Planned Bank R.I. expansion one of many projects in Lincoln

Planned Bank R.I. expansion one of many projects in Lincoln

Among the developments slated for 2020, Bank Rhode Island hopes to expand its campus on Route 116, near Dunkin’ Donuts. (Breeze photo by Nicole Dotzenrod)

LINCOLN – Town Planner Al Ranaldi says the Planning Board expects to hear from representatives from Bank Rhode Island this month on plans to expand the company operation center on Route 116.

Ranaldi said bank executives are hoping to build a three-story addition on their existing one-story building at 625 George Washington Highway. In total, its footprint would grow to 6,000 square feet, with three stories of office space.

Ranaldi said he expects it to be “a really nice project. They’re investing a lot into it and are hoping to make it a campus,” like Amica but on a smaller scale.

The bank plan is one of numerous projects either ongoing or planned in 2020, including a new Marriott Hotel rising on Route 116 and vacant mill buildings being rehabbed as residential developments in Saylesville.

All told, Ranaldi told The Breeze the town is looking at adding a total of 418 housing units to its stock with all projects going through the planning process.

Residents this week were calling for strong attendance at a meeting later this month to protest what they see as overdevelopment across Lincoln.

Lincoln’s Comprehensive Plan lays out a goal of maintaining 30 percent of open space in town. Despite the increase in development, Ranaldi said the town is closer than ever to that goal, thanks in part to the Whipple-Cullen development, which will add open space to the town’s register.

Ranaldi said 28 percent of Lincoln’s land is currently preserved as active or passive open space. When the comp plan was updated in 2003, only 21.3 percent of the town was designated as open space.

In December, the Planning Board heard from developers concerning a number of projects on deck for 2020.

A second mill conversion project in Saylesville was approved at the final plan level last month, calling for 22 apartment units at 60 Industrial Circle. The developer, Dakota Partners, is currently building 40 apartment units at 90 Industrial Circle.

Phase two of construction on 60 Industrial will begin pending approval of a low-income tax credit through Rhode Island Housing, according to Ranaldi.

Another substantial mill rehab in the Historic Sayles Mill Bleachery complex is expected to pick up speed this year, calling for 128 apartment units at 40 Walker St.

Ranaldi said it’s a complicated project, thanks to the complex layout of the historic site, parking issues and infrastructure concerns.

The developer is working with DiPrete Engineering to address some of those concerns. Listed as Walker Lofts L.P., the developer will need a variety of waivers to move forward, including one to allow for multi-family use and another because they’re 15 parking spots short of the required number.

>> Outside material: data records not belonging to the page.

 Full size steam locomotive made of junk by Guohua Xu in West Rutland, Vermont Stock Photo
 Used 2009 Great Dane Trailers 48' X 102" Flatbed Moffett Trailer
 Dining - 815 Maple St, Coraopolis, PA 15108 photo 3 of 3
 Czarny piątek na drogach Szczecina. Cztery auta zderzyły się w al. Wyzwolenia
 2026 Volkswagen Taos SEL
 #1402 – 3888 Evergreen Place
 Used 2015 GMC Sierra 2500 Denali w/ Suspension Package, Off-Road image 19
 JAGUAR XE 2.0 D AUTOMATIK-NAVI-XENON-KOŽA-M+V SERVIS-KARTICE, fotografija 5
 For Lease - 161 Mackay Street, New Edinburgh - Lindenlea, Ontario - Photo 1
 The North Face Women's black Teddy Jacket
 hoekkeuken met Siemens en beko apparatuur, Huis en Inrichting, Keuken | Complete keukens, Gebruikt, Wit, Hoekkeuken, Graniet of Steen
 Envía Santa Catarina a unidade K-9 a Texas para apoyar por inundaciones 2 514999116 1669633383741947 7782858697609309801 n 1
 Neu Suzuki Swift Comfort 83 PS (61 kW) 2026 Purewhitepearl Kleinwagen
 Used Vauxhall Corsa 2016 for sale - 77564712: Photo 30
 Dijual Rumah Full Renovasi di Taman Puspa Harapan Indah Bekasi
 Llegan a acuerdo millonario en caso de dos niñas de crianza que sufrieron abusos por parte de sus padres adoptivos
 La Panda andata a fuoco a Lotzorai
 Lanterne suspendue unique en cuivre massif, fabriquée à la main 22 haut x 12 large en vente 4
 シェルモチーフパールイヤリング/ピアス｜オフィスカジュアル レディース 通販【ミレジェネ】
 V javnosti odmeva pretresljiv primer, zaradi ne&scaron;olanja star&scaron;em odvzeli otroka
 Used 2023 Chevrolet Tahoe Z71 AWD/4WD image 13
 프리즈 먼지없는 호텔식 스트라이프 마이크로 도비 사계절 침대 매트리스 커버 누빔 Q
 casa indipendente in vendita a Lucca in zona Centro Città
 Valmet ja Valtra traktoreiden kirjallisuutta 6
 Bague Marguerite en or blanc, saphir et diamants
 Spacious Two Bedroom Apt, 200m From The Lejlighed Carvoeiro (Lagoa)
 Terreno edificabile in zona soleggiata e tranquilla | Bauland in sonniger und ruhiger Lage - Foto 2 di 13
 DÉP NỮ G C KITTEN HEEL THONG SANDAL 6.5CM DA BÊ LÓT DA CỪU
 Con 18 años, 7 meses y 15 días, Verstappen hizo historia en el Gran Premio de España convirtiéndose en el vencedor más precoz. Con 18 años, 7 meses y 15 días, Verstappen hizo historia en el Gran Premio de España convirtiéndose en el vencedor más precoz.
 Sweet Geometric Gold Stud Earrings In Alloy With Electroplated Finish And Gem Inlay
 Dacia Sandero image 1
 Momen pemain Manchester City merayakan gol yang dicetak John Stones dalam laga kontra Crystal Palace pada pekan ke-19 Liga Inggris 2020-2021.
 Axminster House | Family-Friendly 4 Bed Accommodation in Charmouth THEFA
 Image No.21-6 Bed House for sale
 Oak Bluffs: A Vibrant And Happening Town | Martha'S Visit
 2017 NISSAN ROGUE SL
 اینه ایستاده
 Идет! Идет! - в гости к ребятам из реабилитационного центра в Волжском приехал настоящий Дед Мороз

Of the total 128 units, 25 percent, or 32 apartments, would be deed-restricted as low-income and moderate-income.

The plans call for 99 one-bedroom units, 22 two-bedroom units, and four three-bedroom units. Seven would be handicap accessible.

The so-called Walker Lofts project is up for a public informational hearing on Jan. 22.

The Planning Board also heard from two developers last month for pre-application discussions, which Ranaldi said were intended to bring the board back up to date with the details of the complicated projects.

The first concerned the Whipple-Cullen Farm project at 99 Old River Road across from Lincoln Town Hall, which is moving forward next month at the preliminary plan level.

The board previously denied conceptual plans for the project in 2016, however that decision was overturned last April by the Rhode Island State Housing Board of Appeals.

Ranaldi said the engineering for the project has been the most complex piece of the puzzle, so the town has contracted with Fuss & O’Neill to help Town Engineer Leslie Quish go over the plans.

“It’s a complicated site in that it’s large, contains wetlands and is on a slope,” Ranaldi said.

The other project up for pre-application discussion was Breakneck Hollow. Women’s Development Corp. is planning to build two low-income and moderate-income housing buildings off Breakneck Hill Road for a total of 44 bedrooms.

Ranaldi halted the project in 2018, issuing a certificate of non-completeness to stop it from moving forward to the Planning Board.

At the time, he said the board’s Technical Review Committee had major concerns with traffic, thanks to the site’s proximity to the Route 146 ramp, the overall project density, and a sewage line running through private property at the MacColl YMCA.

Ranaldi said the company addressed most of the committee’s concerns and is prepared to return for the master plan stage this month.